Taylor Momsen thought she had it made. It was 2017 and the rock band she formed in 2009, “The Pretty Reckless,” was officially making it in the music world as a serious contender, having snagged a spot touring the U.S. as the opening act for Soundgarden, one of her all-time favorite bands. She was the happiest she’d ever been.
The band was in Detroit for the tour’s show there when they got the call that Chris Cornell, Soundgarden’s frontman, had killed himself overnight. Everything came to a halt.
“I was certainly devastated like I think a lot of people in the music world were. But it was something that I didn’t really know how to wrap my head around,” Momsen says, calling from her house in Maine, where she’s holed up at the moment, taking a break from New York City. “I wasn’t emotionally prepared to handle that.”
She canceled everything and headed home to try and process the loss in private. Writing soon followed, as music has always been her method of making sense of things, and she called their longtime producer Kato asking to get studio time. As those plans were coming together, she got the call that Kato had been killed in a motorcycle accident.
“And that was really kind of the nail in the coffin for me. I spiraled very quickly downward, very quickly into this very dark hole of just depression, substance abuse, and everything that comes along with grief, trauma and loss,” Momsen says.
Music, as cliché as she knows it is, is what pulled her out of her depression: she credits rock ‘n’ roll with saving her life.
“I finally got to a place where I could listen to music again and I asked myself, ‘What was the thing that you fell in love with? Where did this all start?’ And I did a lot of soul searching and I started at the beginning because when you lose everything, that’s really what you have to do,” she says. “You have to go back to the beginning.”
For her, that was listening to The Beatles, the first band she fell in love with, before moving on through Led Zeppelin, Pink Floyd, The Who, Neil Young, Jimi Hendrix, Bob Dylan, Eric Clapton and, finally, Soundgarden. And by then, she was ready to start writing again.
“By going through my musical history, and kind of relearning everything again, that eventually led to me picking up a guitar and starting to write this record, which really is where I credit the healing,” she says. “It was really where the healing began for me.”
The band’s first album since 2016, “Death by Rock and Roll,” is out today, and is the first album Momsen says she didn’t have to try to write; instead of waiting for inspiration to strike, she had an “abundance” of ideas.
“It was like the world had just smacked me in the face with a brick and it was like, ‘Here Taylor, you wanted something to write about. Go,’” she says. “Because this record kind of just flowed out of me almost stream of consciousness style. And that really was the beginning steps of me starting to put the pieces of my life back together. I call this album a rebirth for not only me personally, but just for the band and for everything in general. It feels like the first album in so many ways because we lost everything. So we really had to start from scratch and completely start from the beginning again. It’s a strange thing to be given. In one way, it’s almost a gift, but it also feels like a curse. And it’s just this kind of weird balance. Life is weird. It throws you curveballs and I have to tell you, I think it’s how you come out of them that defines you.”

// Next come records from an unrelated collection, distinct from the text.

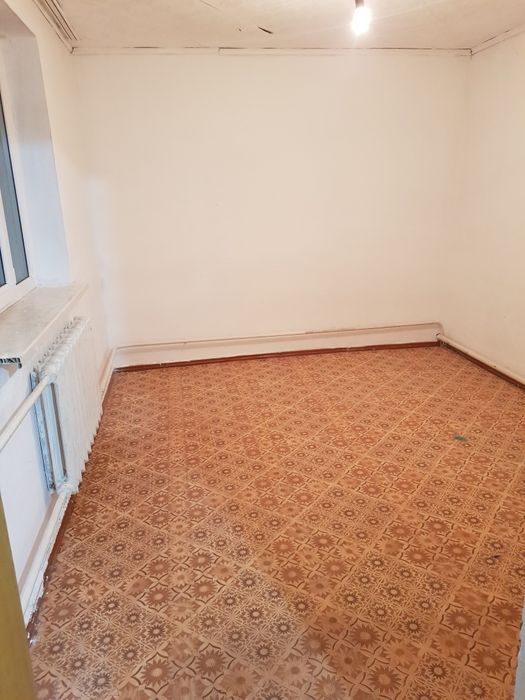 Сдаётся 2 ком.времянка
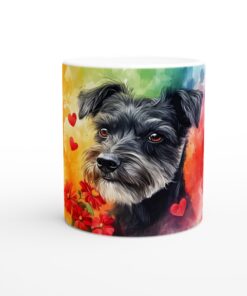 93bfd6be-1f31-4755-88e7-372491555daf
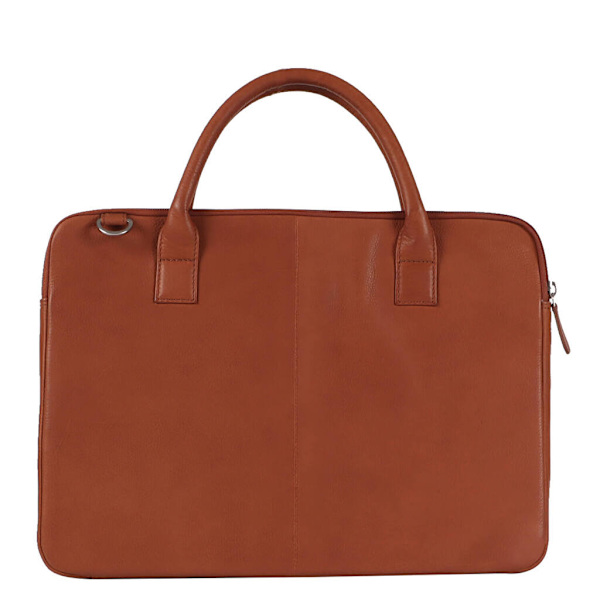 GEAR Dataväska Buffalo Slim Brun 14" PC och 15" Mac Universal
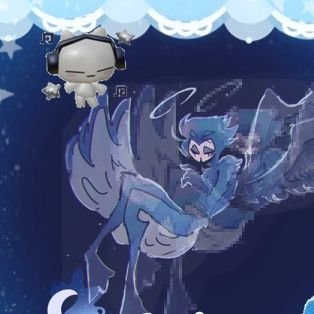 Lelexxie0411's profile picture. 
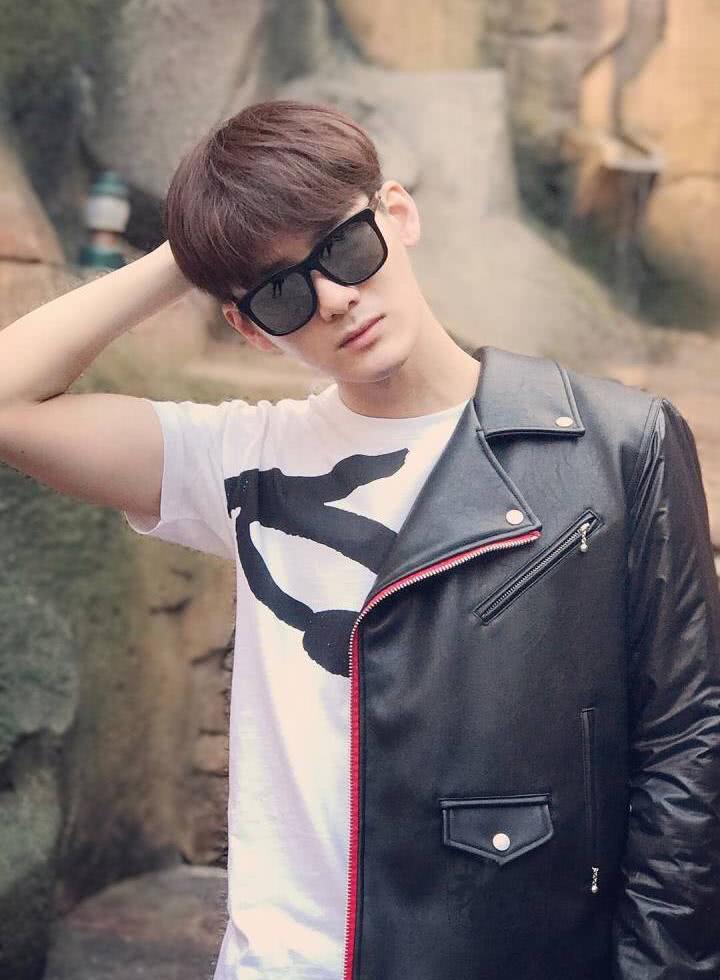 我们相爱吧第四季嘉宾名单疑出炉,网传热巴邓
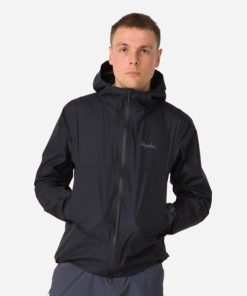 Threadbareco.shopf4f3475181 4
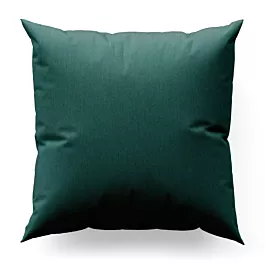 Poszewkę szytą made to measure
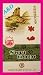 Wu Yi OOLONG LOOSE TEA WULONG WEIGHT LOSS 1 BOX 4.5 oz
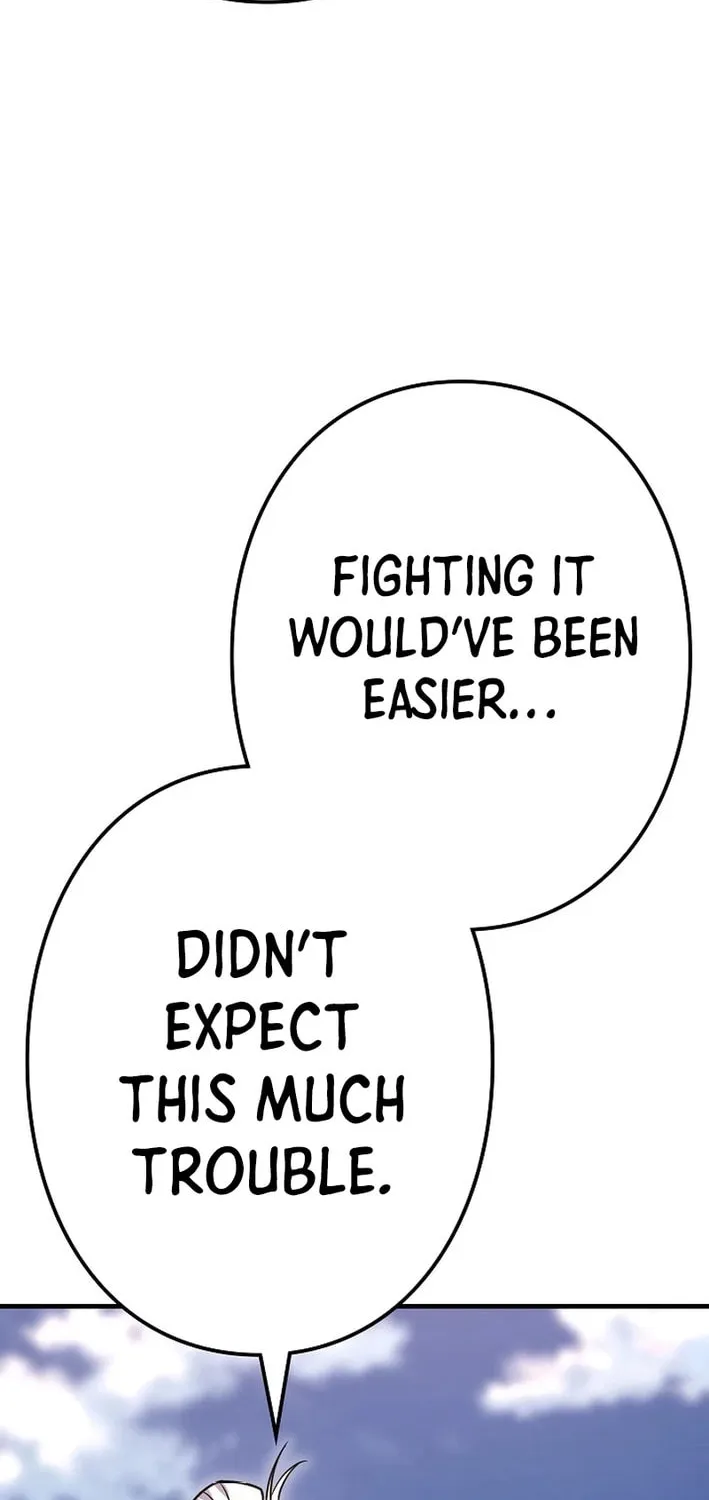 Read Reclusive Wizard chapter 19 image 75 on Lezhin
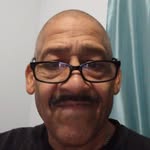 Alan Marrero - @alanmarrero125 - Instagram
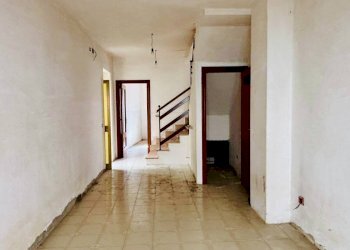 Foto 5 - Casa semi indipendente via roma, Bonito - foto 5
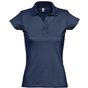 Sol's Prescott women french_marine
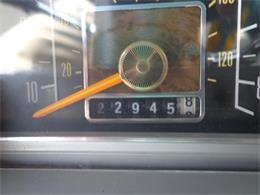 1978 Ford Granada (CC-885255) for sale in MILL HALL, Pennsylvania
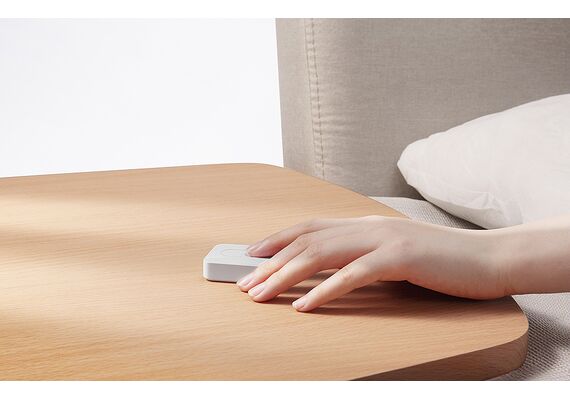 SWITCHBOT Controle Remoto SWITCHBOT Controle Remoto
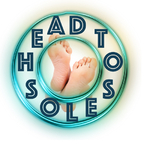 headtosoles profile picture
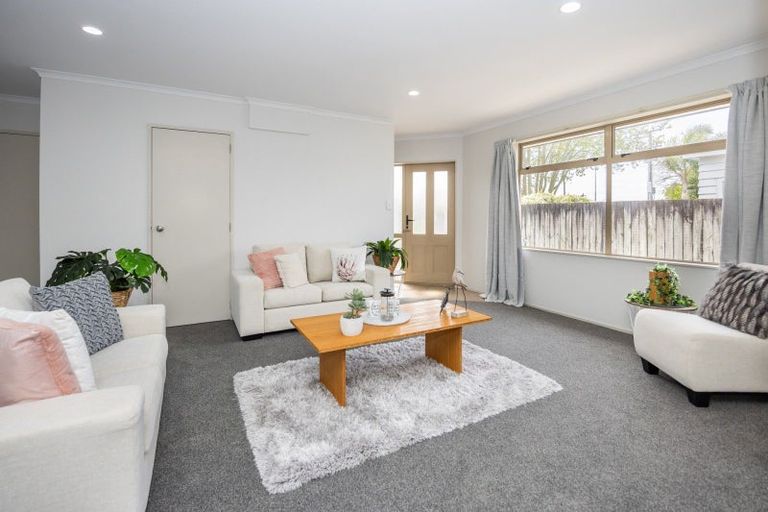 Photo of property in 22a Fifth Avenue, Enderley, Hamilton, 3214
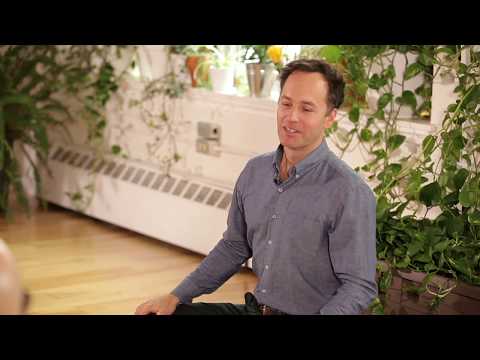 download lagu mp3 mp4 Jeff Warren Meditation, download lagu Jeff Warren Meditation gratis, unduh video klip Download Jeff Warren Meditation Mp3 dan Mp4 Free All Gratis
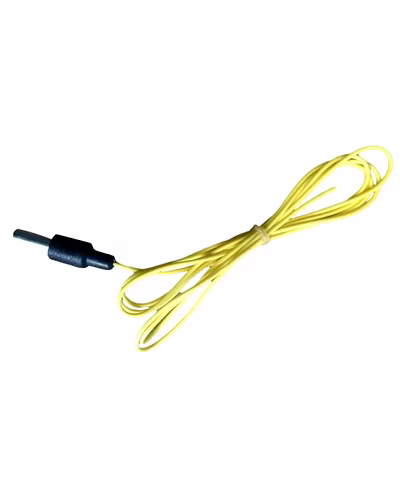 Contact type stainless steel sensor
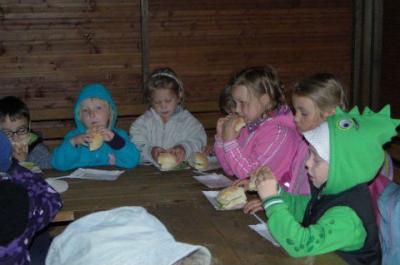 img001.jpg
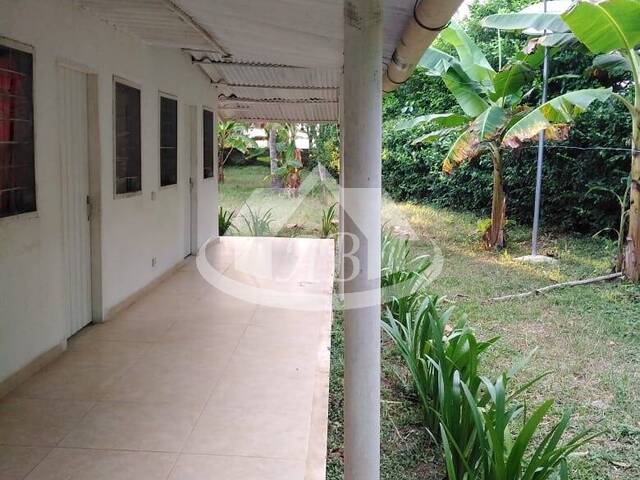 Rural para Venta en Montería - 4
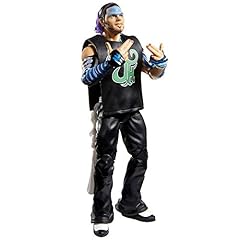 Wwe mattel gkp88 for sale  Delivered anywhere in UK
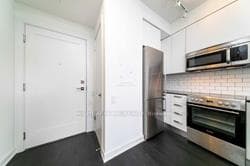 57 ST JOSEPH Street Unit 521 photo 2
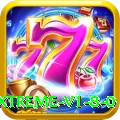 777sz Live Extreme v1.8.0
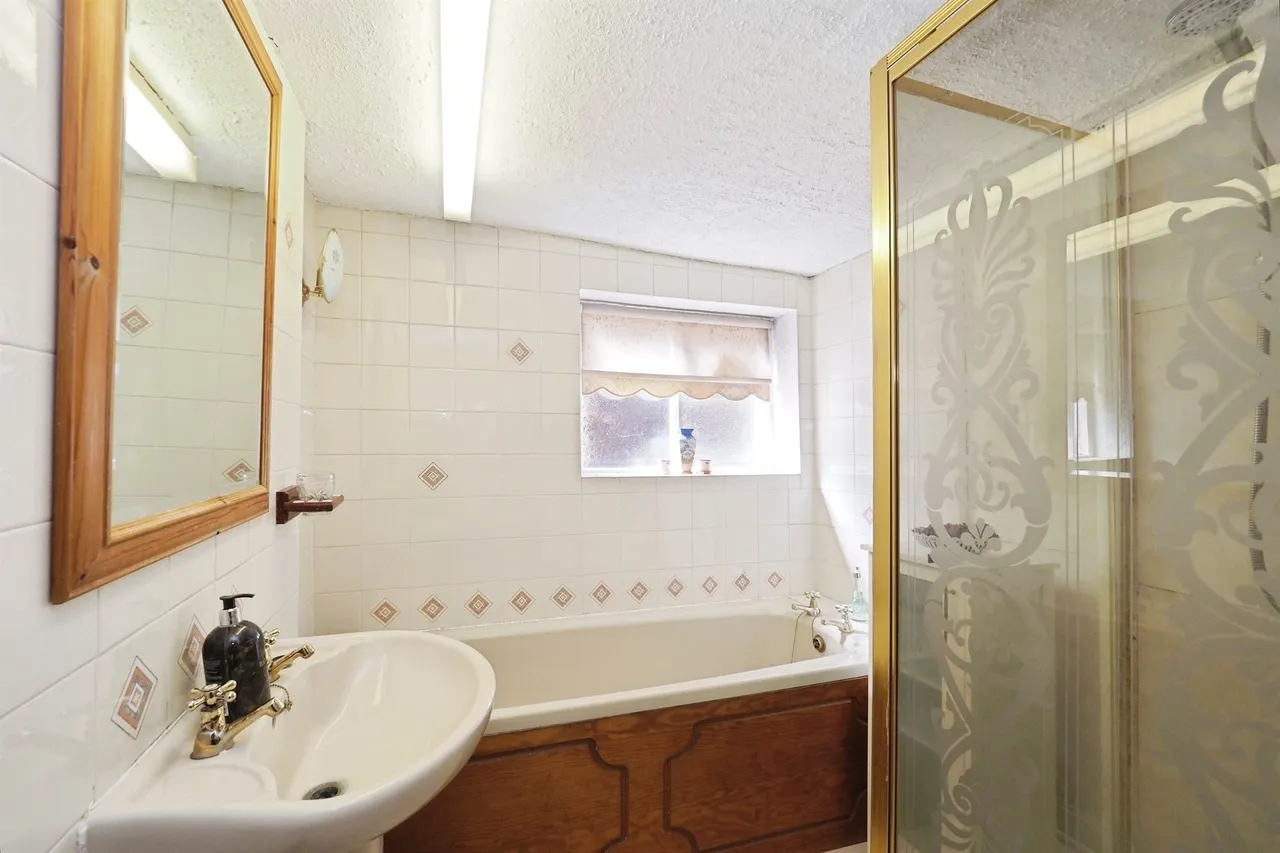 Penn Lane, Melbourne, DE73, photo 16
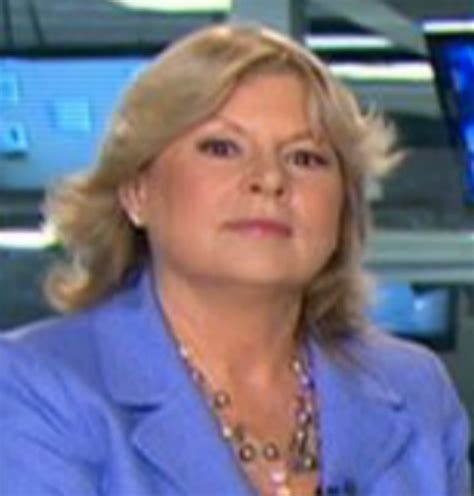 Former Miami TV Anchor Fired from Radio Gig — FTVLive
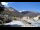 Webcam in Cauterets, 0.2 km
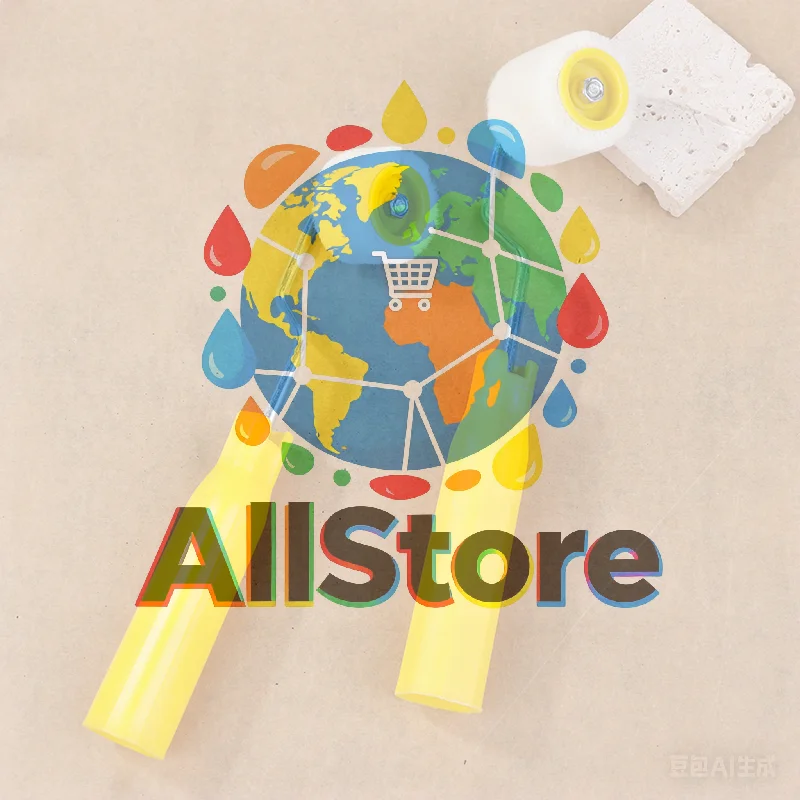 ミニペイントローラー ドアと天井用 ウールブラシ 超小型ペイントタッチアップトリムエッジブラシローラー 壁補修ペイントブラシ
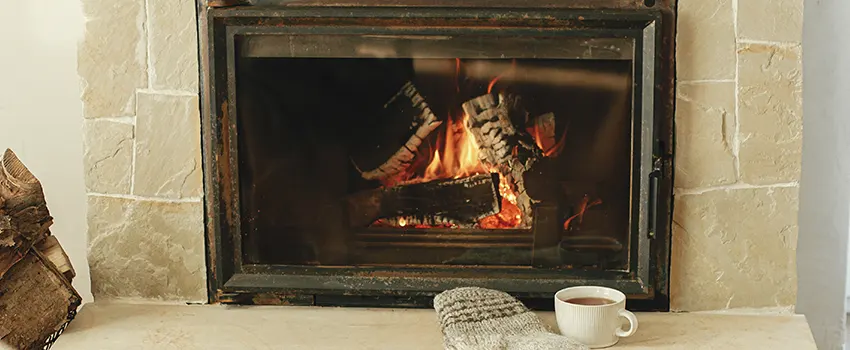 Fireplace Door Handle Replacements Services in Woodbridge, Ontario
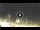 Webcam in Santa Cruz de la Palma, 7.1 mi away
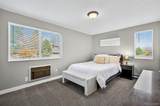 2280 Oswego Way - Photo 20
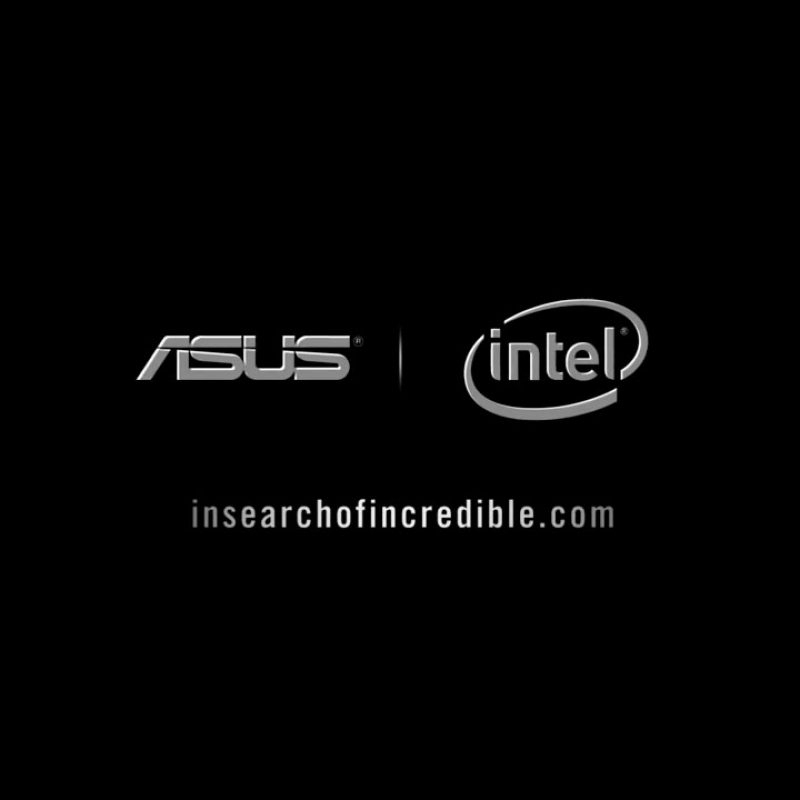 10 Most Popular Asus In Search Of Incredible Wallpaper FULL HD 1920×1080 For PC Desktop 2022 free download watch asus computex 2014 keynote here vr zone tech news 800x800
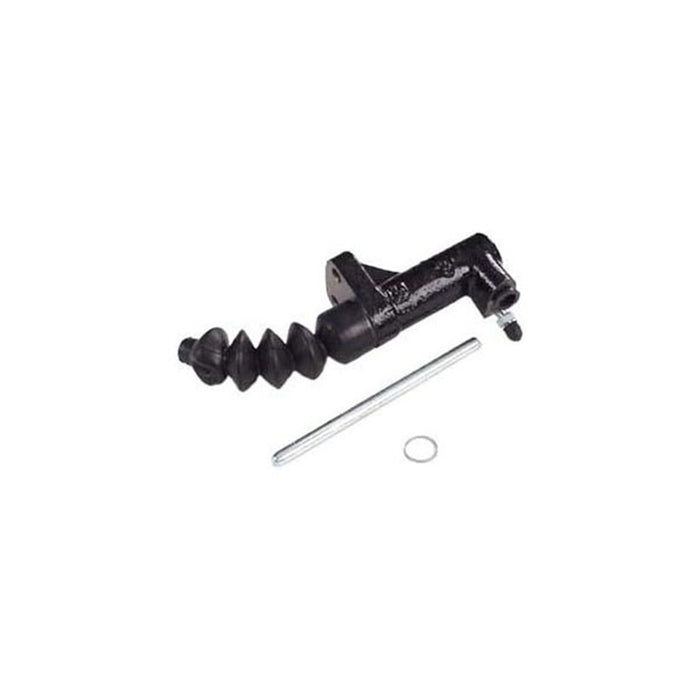 Omix 16909.01 Clutch Slave Cylinder; 10 in. Long; - Truck Part Superstore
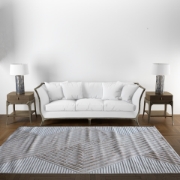 BROWN-3D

The Pretty Reckless are the first female-fronted band to have back-to-back number-one singles, having broken their own record. Momsen says she’s amazed they’ve been able to touch this many people but it isn’t what motivates her; in many ways, she was freed from that pressure when she left behind acting for music.
“Commercial success is fantastic, and it allows me to keep doing this and have it be my only job, which is amazing. And I’m so, so fortunate for that, but it’s never really my goal. When I’m making music, I’m simply making it for myself because it’s the one place that I can really be me and it allows me to truly find my center and my balance in life,” she says.
A child star who found fame first in “How the Grinch Stole Christmas” and later, of course, in “Gossip Girl,” Momsen never felt that freedom when she was acting.
“Acting is something that I was put into at a very young age and it was a fine job, but it was simply that, it was a job. I mean, I was saying someone else’s words and playing a character. And I was a kid,” she says. “When I got to an age where I could make my own decisions finally, and I realized that I didn’t have to do this other job and I could simply just pursue music and just do the thing that I loved, I quit everything else. So there really is no comparison, at least for me. One was a job that I did when I was a child, and one is something that is my whole identity and something that I hope to do for the rest of my life.”
That said, she does plan to check out the reboot of “Gossip Girl,” just for curiosity’s sake.
“I’m curious to see what they do with it. I know that the show, looking back on it now, had such a cultural impact that I don’t think I was really aware of at the time. I was in the middle of it, so I didn’t see it from an outside perspective. And also, I was just so young,” she says. “So it’ll be interesting to see how they take that story [into 2021]. I mean, it was so technology-based at the time. We always had the new cutting-edge phone; every season, every character would get a new phone. I remember in the beginning the Razr was the cool thing. And now with social media and the way technology has just moved so quickly and the way people live their lives basically online all the time, I’m curious to see how they take the show and translate it into 2021.”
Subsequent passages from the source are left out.